At length, and when the struggle between the competitors was at its height, one of his drivers rushed frantically into his office one day, crying out, “Give a crown-piece to drink your honor's health for what I done to-day.”
“What was it, Larry?”
“I killed the yallow mare of the opposition car; I passed her on the long hill, when she was blown, and I bruk her heart before she reached the top.”
“After this I gave up the opposition,” said my friend; “'mocking was catching,' as the old proverb says; and I thought that one might carry a joke a little too far.”
I had this experience before me, and I will not say it did not impress me. My puzzle was, however, in this wise: I imagined I did not care on which horse I stood to win; in other words, I persuaded myself that it was a matter of perfect indifference to me which book took best with the public, and whether the reader thought better of “The Daltons” or “Con Cregan,” that it could in no way concern me.
That I totally misunderstood myself, or misconceived the case before me, I am now quite ready to own. For one notice of “The Daltons” by the Press, there were at least three or four of “Con Cregan,” and while the former was dismissed with a few polite and measured phrases, the latter was largely praised and freely quoted. Nor was this all. The critics discovered in “Con Cregan” a freshness and a vigor which were so sadly deficient in “The Daltons.” It was, they averred, the work of a less practised writer, but of one whose humor was more subtle, and whose portraits, roughly sketched as they were, indicated a far higher power than the well-known author of “Harry Lorrequer.”

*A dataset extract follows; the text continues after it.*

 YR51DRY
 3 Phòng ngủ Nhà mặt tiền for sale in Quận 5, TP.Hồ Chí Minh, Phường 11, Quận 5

The unknown—for there was no attempt to guess him—was pronounced not to be an imitator of Mr. Lever, though there were certain small points of resemblance; for he was clearly original in his conception of character, in his conduct of his story, and in his dialogues, and there were traits of knowledge of life in scenes and under conditions to which Mr. Lever could lay no claim. One critic, who had found out more features of resemblance between the two writers than his colleagues, uttered a friendly caution to Mr. Lever to look to his laurels, for there was a rival in the field possessing many of the characteristics by which he first won public favor, but a racy drollery in description and a quaintness in his humor all his own. It was the amusement of one of my children at the time to collect these sage comments and torment me with their judgments, and I remember a droll little note-book, in which they were pasted, and read aloud from time to time with no small amusement and laughter.
One or two of these I have even now before me:—
“Our new novelist has great stuff in him.”—Bath Gazette.
“'Con Cregan'—author unknown—begins promisingly; his first number is a decided hit.”—Cambridge Chronicle.